Le gouvernement a annoncé le 6 novembre une série de mesures pour doper la compétitivité des entreprises françaises, dont un crédit d'impôt devant atteindre au bout de la troisième année 20 milliards d'euros par an.
"Oui, nous saluons le fait que votre gouvernement ait clairement mis la question de la compétitivité au centre du débat", a déclaré lundi Mme Parisot dans les massifs bâtiments du ministère de l'Economie, rue de Bercy, qu'elle a qualifiés de "coeur de l'économie française".
"C'est quelque chose que nous Medef, nous tous les entrepreneurs quelle que soit l'association à laquelle nous adhérons, nous essayions de faire depuis quelques années", a-t-elle ajouté.
Début octobre elle avait parlé de "racisme anti-entreprise" pour qualifier l'ambiance régnant selon elle en France, dans un entretien à L'Express.

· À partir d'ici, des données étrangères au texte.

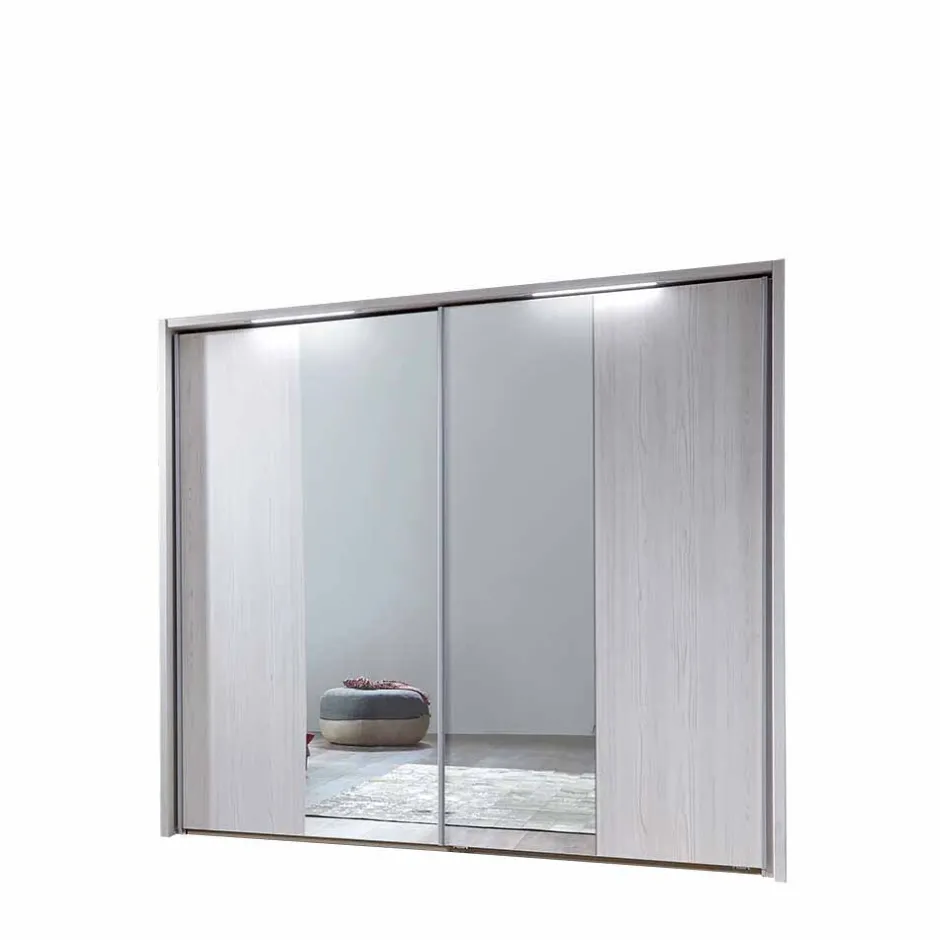 Pharao24 Schwebetürenschrank Frey> Kleiderschränke|Schlafzimmerschränke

Elle s'exprimait en pleine fronde des jeunes entrepreneurs, autoproclamés "pigeons", contre des dispositions fiscales du projet de budget.

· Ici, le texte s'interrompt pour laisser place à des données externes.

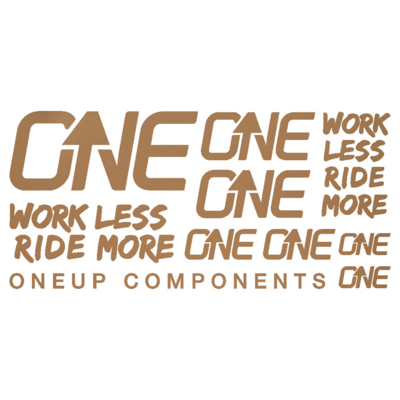 OneUp Components Riser Bar Decal Kits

"révolution copernicienne"
Lundi, le ton était tout autre. "Je ne sais pas encore si c'est une révolution copernicienne", a dit Mme Parisot, reprenant des mots de M. Moscovici, à qui elle a dit au passage: "j'ai bien aimé que vous utilisiez cette expression". "Mais je voudrais vous dire que nous l'espérons fondamentalement", a-t-elle poursuivi.
"Ce qui nous a manqué en France depuis des années c'est de définir des stratégies économiques et des politiques économiques en mettant au coeur de ces politiques et de ces stratégies, l'entreprise", a-t-elle enchaîné, n'épargnant pas les précédents gouvernements.
"Je vais répondre à Laurence Parisot", a dit M. Moscovici. "D'abord, je voudrais être un peu plus modeste qu'elle sur Bercy: ce n'est sûrement pas le coeur de l'économie française, le coeur de l'économie française c'est vous!", a-t-il lancé à l'adresse des entreprises.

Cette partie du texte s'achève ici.